[Scraped caption text data]
▼▼▼

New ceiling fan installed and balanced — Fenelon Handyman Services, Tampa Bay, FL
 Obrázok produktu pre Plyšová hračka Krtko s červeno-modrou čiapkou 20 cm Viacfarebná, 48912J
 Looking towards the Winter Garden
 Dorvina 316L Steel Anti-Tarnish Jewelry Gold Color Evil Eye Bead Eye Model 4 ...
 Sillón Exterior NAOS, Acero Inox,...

▲▲▲
▼▼▼

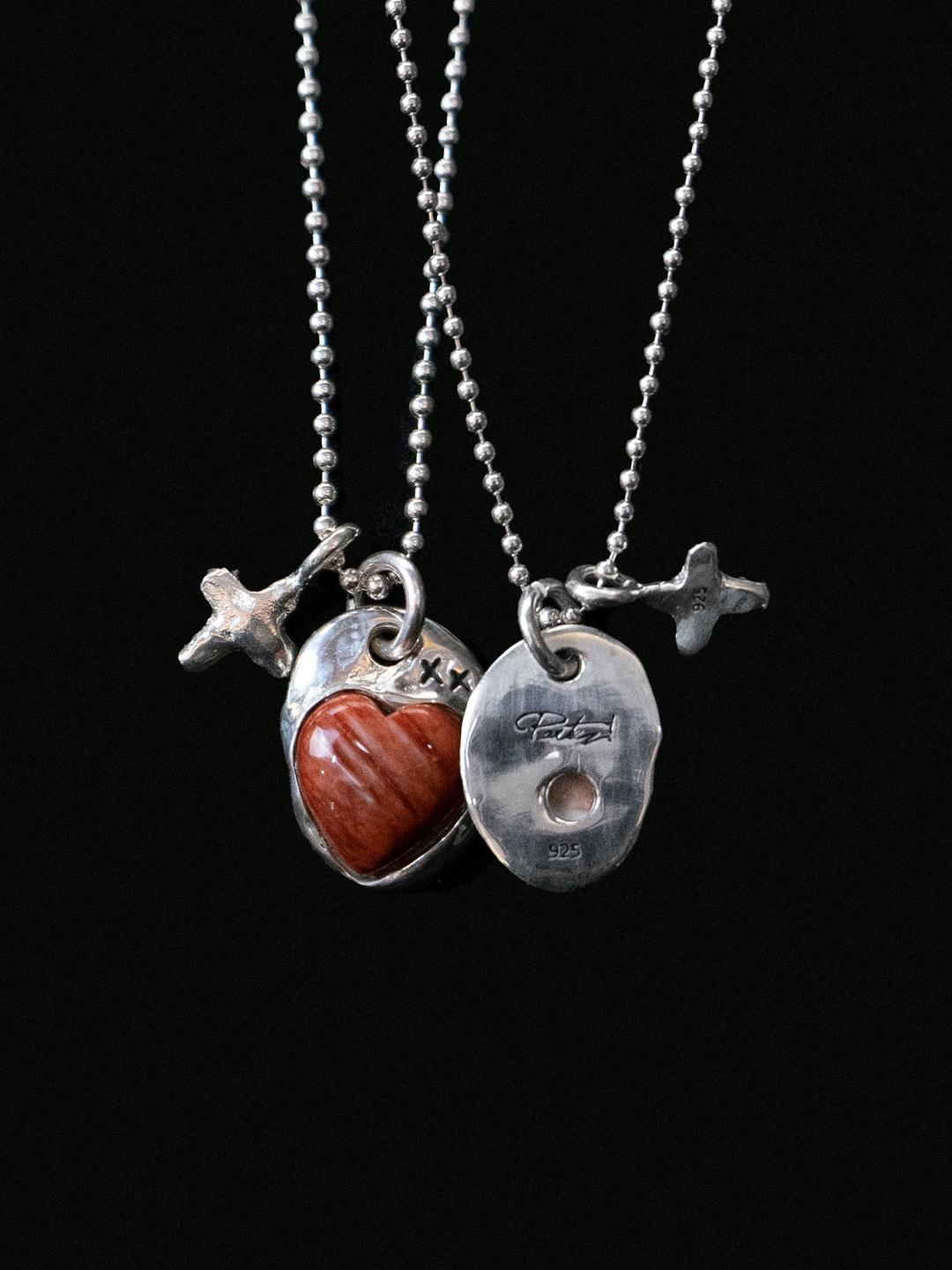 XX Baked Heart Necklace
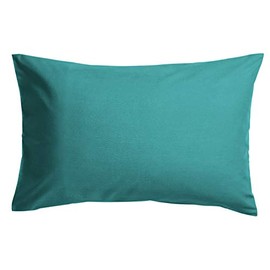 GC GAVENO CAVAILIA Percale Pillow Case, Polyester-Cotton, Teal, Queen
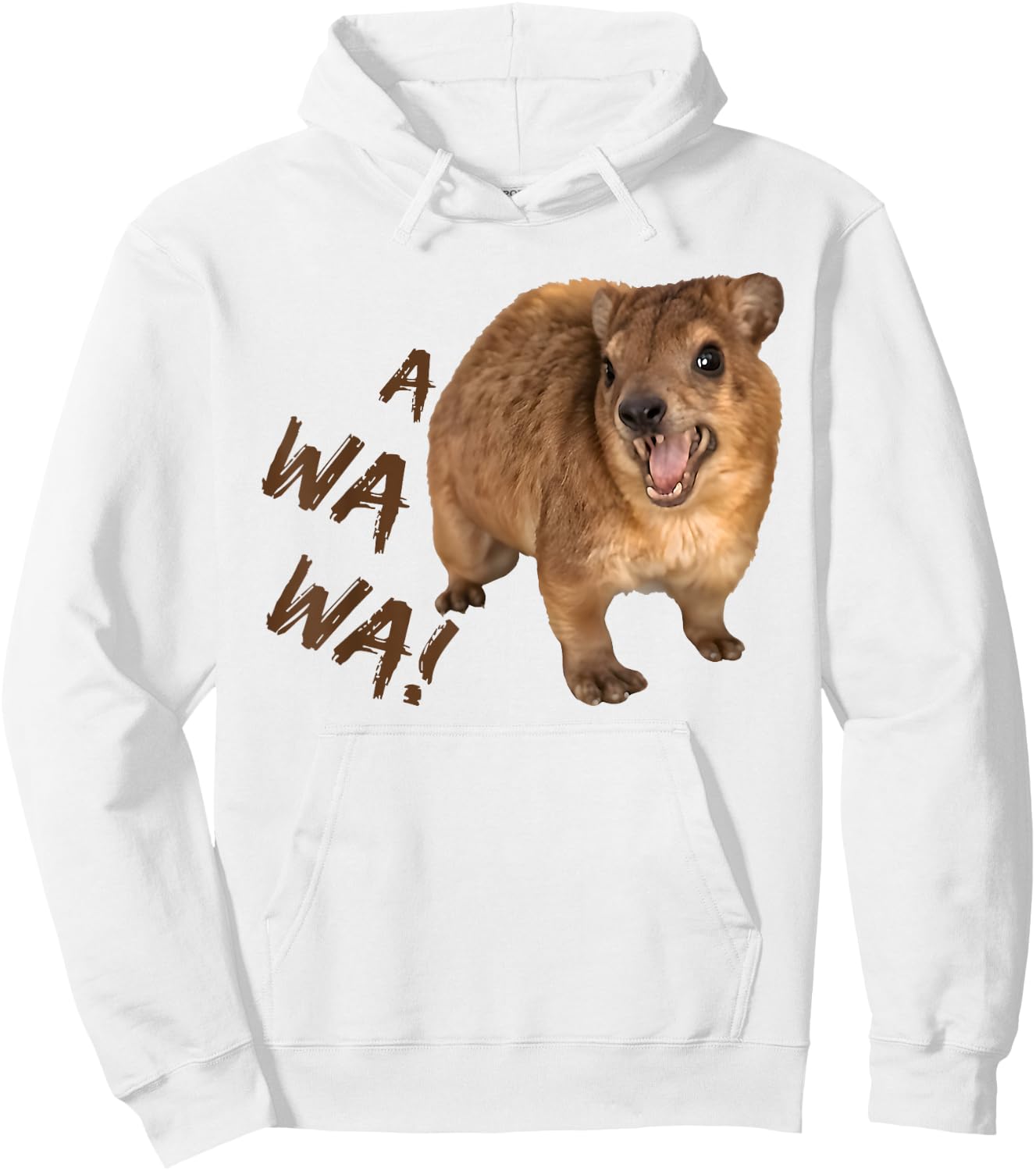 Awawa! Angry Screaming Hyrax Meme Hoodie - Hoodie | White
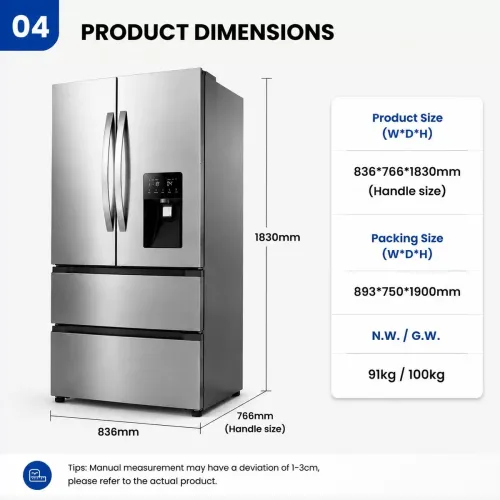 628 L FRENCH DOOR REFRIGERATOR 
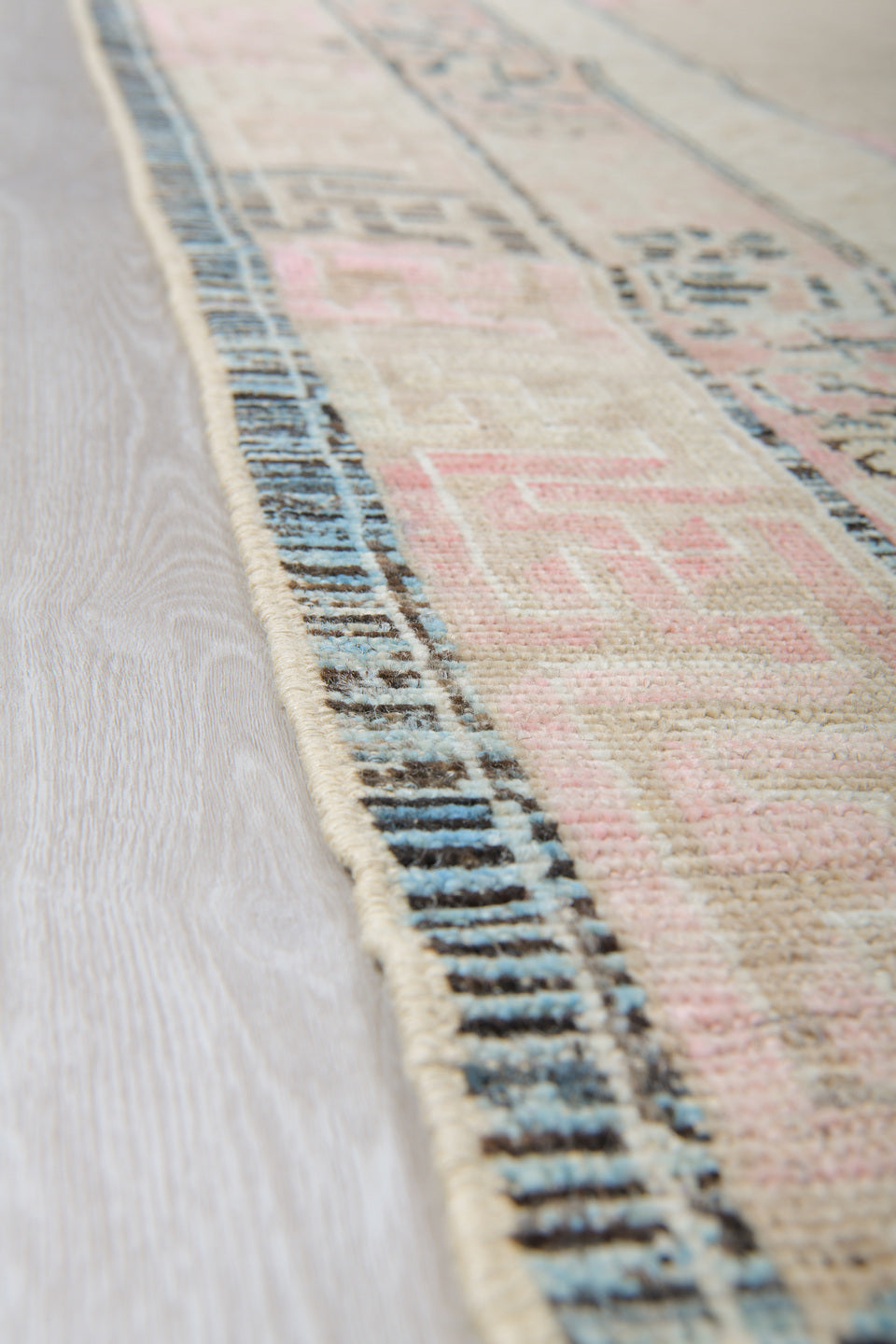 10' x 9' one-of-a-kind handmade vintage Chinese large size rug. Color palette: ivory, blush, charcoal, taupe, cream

▲▲▲

> [About this exercise] Starting at the line above that contains "New ceiling fan", repeat each line exactly up to and including the line that contains "Sillón Exterior NAOS, Acero Inox,...", and stop there.

> [Reply to the exercise]
New ceiling fan installed and balanced — Fenelon Handyman Services, Tampa Bay, FL
 Obrázok produktu pre Plyšová hračka Krtko s červeno-modrou čiapkou 20 cm Viacfarebná, 48912J
 Looking towards the Winter Garden
 Dorvina 316L Steel Anti-Tarnish Jewelry Gold Color Evil Eye Bead Eye Model 4 ...
 Sillón Exterior NAOS, Acero Inox,...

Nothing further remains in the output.